Existing regulatory structures exist to monitor these hazards. Air Management Services, part of the Philadelphia Department of Public Health, for example is in charge of issuing and monitoring permits for polluting facilities within the city of Philadelphia. State agencies such as the Pennsylvania Department of Environmental Protection are charged with implementing statewide plans for meeting national ambient air quality standards. Both of these agencies monitor the hazards and reduce the pollution that exists in the city. They do not, however, have any regulatory power to influence the concentration of these hazards. Responsibility for managing concentrations of land-use lies with municipal planning agencies.
The Philadelphia 2035 district plans for the River Wards have not yet been finalized, but Philadelphia 2035 and a Health Impact Assessment for the lower south district have made headway in considering the health consequences of the built environment. Focused on walkability, mixed-use and transit-oriented development–hallmarks of a new urbanist planning paradigm–these plans address health primarily through promoting a reduction in vehicle use and an increase in active transportation. The plans also propose a general plan for site clean-up of polluted land-use in the River Wards but, again, the Planning Commission has yet to finalize the district plans.

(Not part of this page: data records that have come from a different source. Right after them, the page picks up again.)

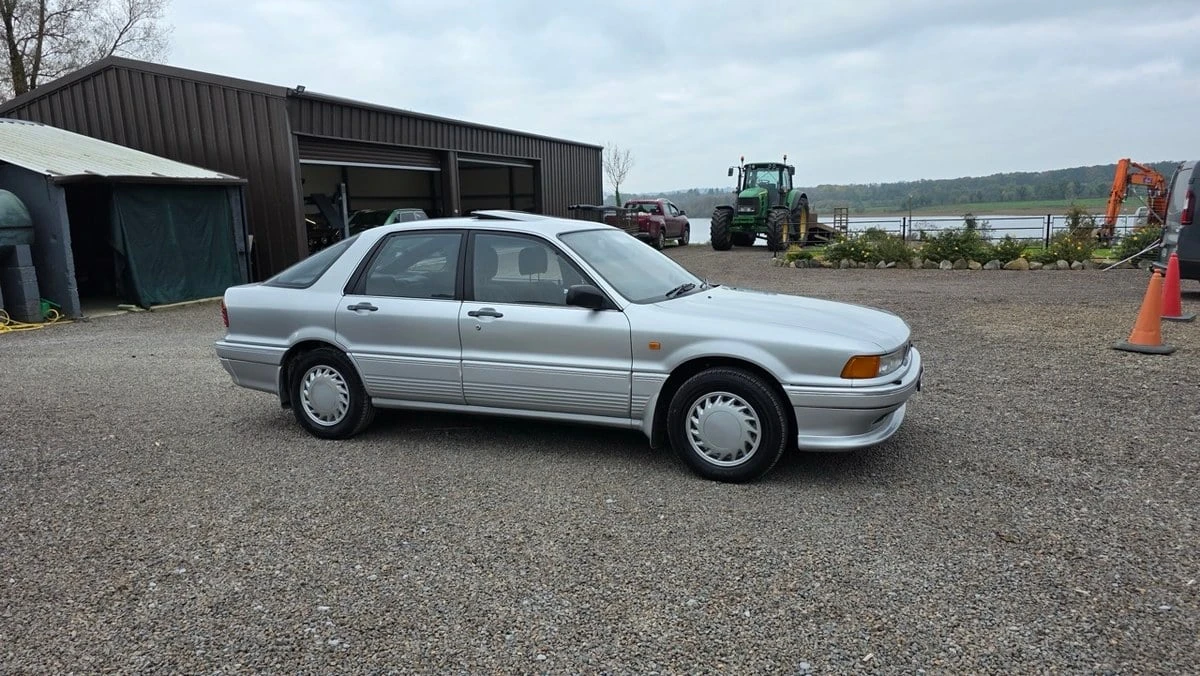 1991 Mitsubishi Galant 6th Gen - Image 9 of 30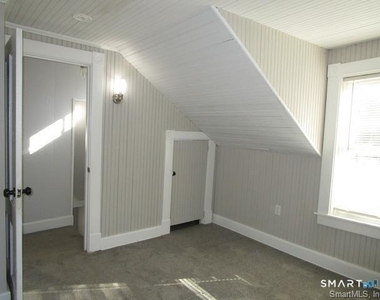 1404 West Street - Photo Thumbnail 4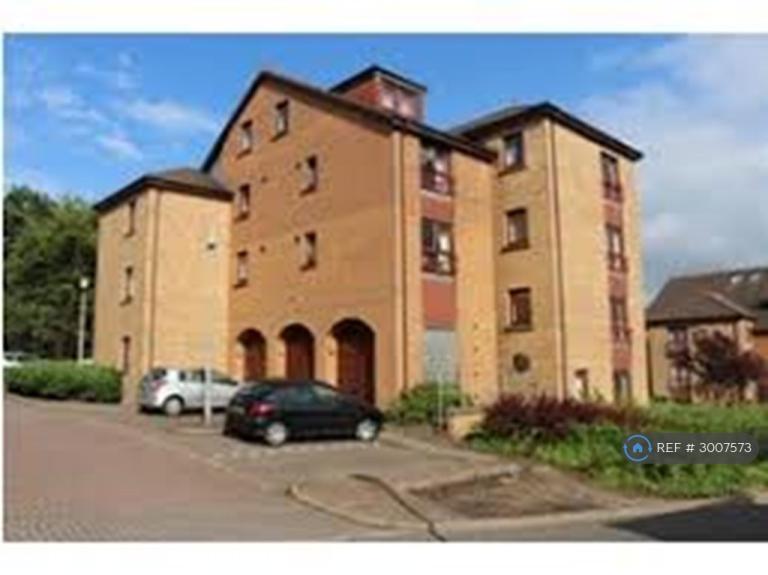 Flat Beechwood Court in Cumbernauld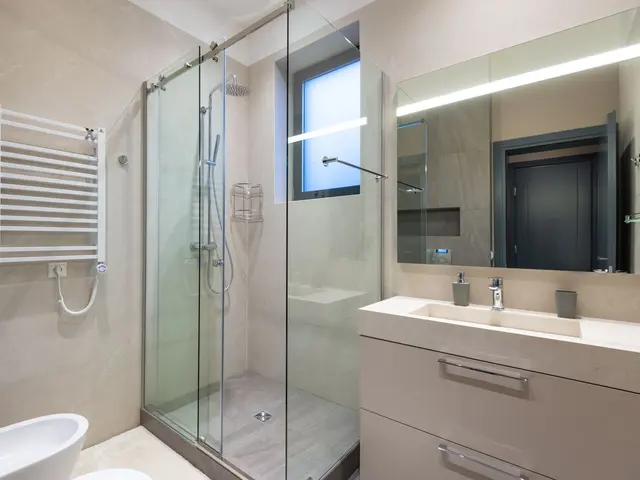 Mampara de ducha de cristal en un baño moderno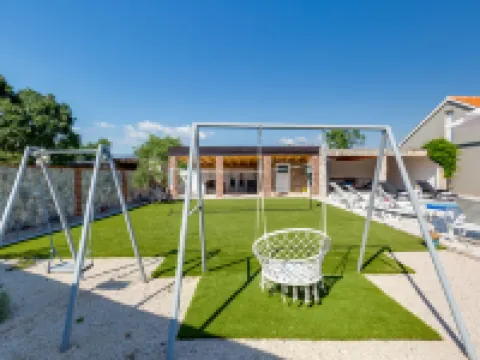 Branka Hotels in Pridraga
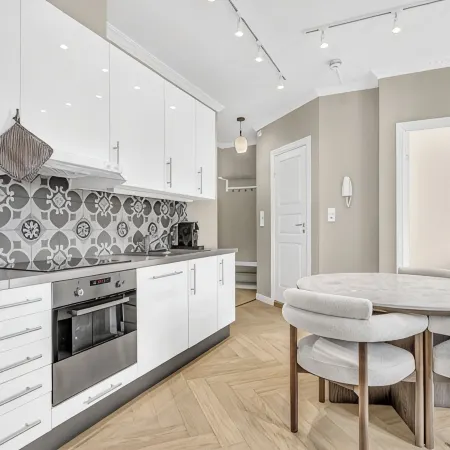 Urban Elegant Apartment
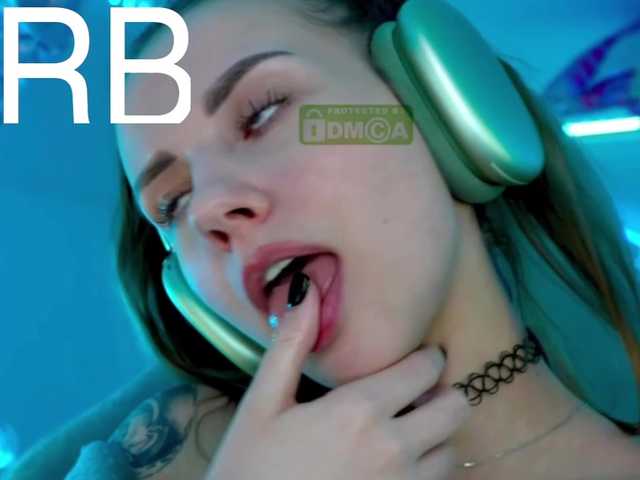 -VikkiL0vesCheese- live cam on UnifiedCams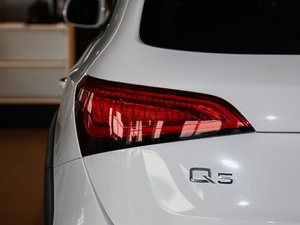 2017Plus 40 TFSI A ^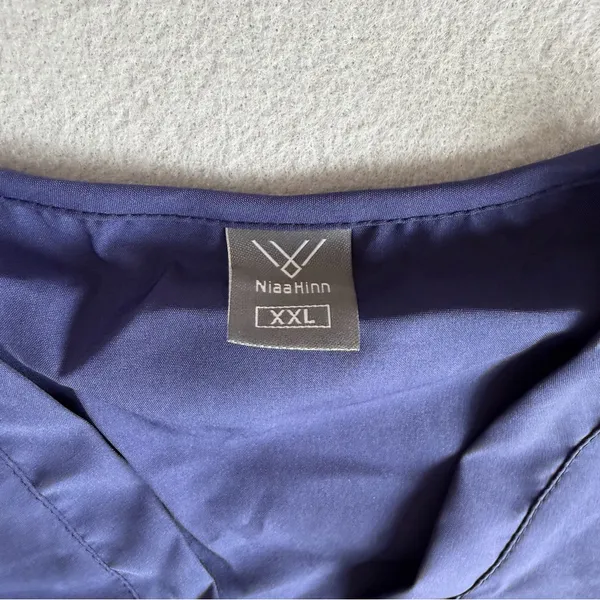 Women's Dark Blue Scrub Set Size XXL #260639 - Image 5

Reducing the concentration of hazards requires policy that does not exist in Philadelphia. Mixed-use and transit-oriented development promote exercise and reduce vehicle emissions, but do not take into account the hazard risks of existing or future land-use such as waste transfer stations or industrial facilities. Sicotte’s research makes inroads towards publicizing the issue but the east coast does not have policy aimed at reducing hazard concentrations. The research also does not take into account mobile hazards such as emissions from diesel trucks or commuter vehicles. On the west coast, the California Environmental Justice Initiative is promoting the adoption of Green Zones policy, a planning tool that, among other actions, could prohibit locating polluting land-use in areas already over-burdened with environmental hazards.
Remedying these inherited landscapes of hazard concentration requires identifying spatial inequalities such as hazard concentration as real concerns for planning, and developing policy tools to match. No matter how accessible the walking or bicycle infrastructure is in the River Wards, public health in the area could be affected by continued expansion of diesel powered transportation infrastructure and other hazardous land-uses.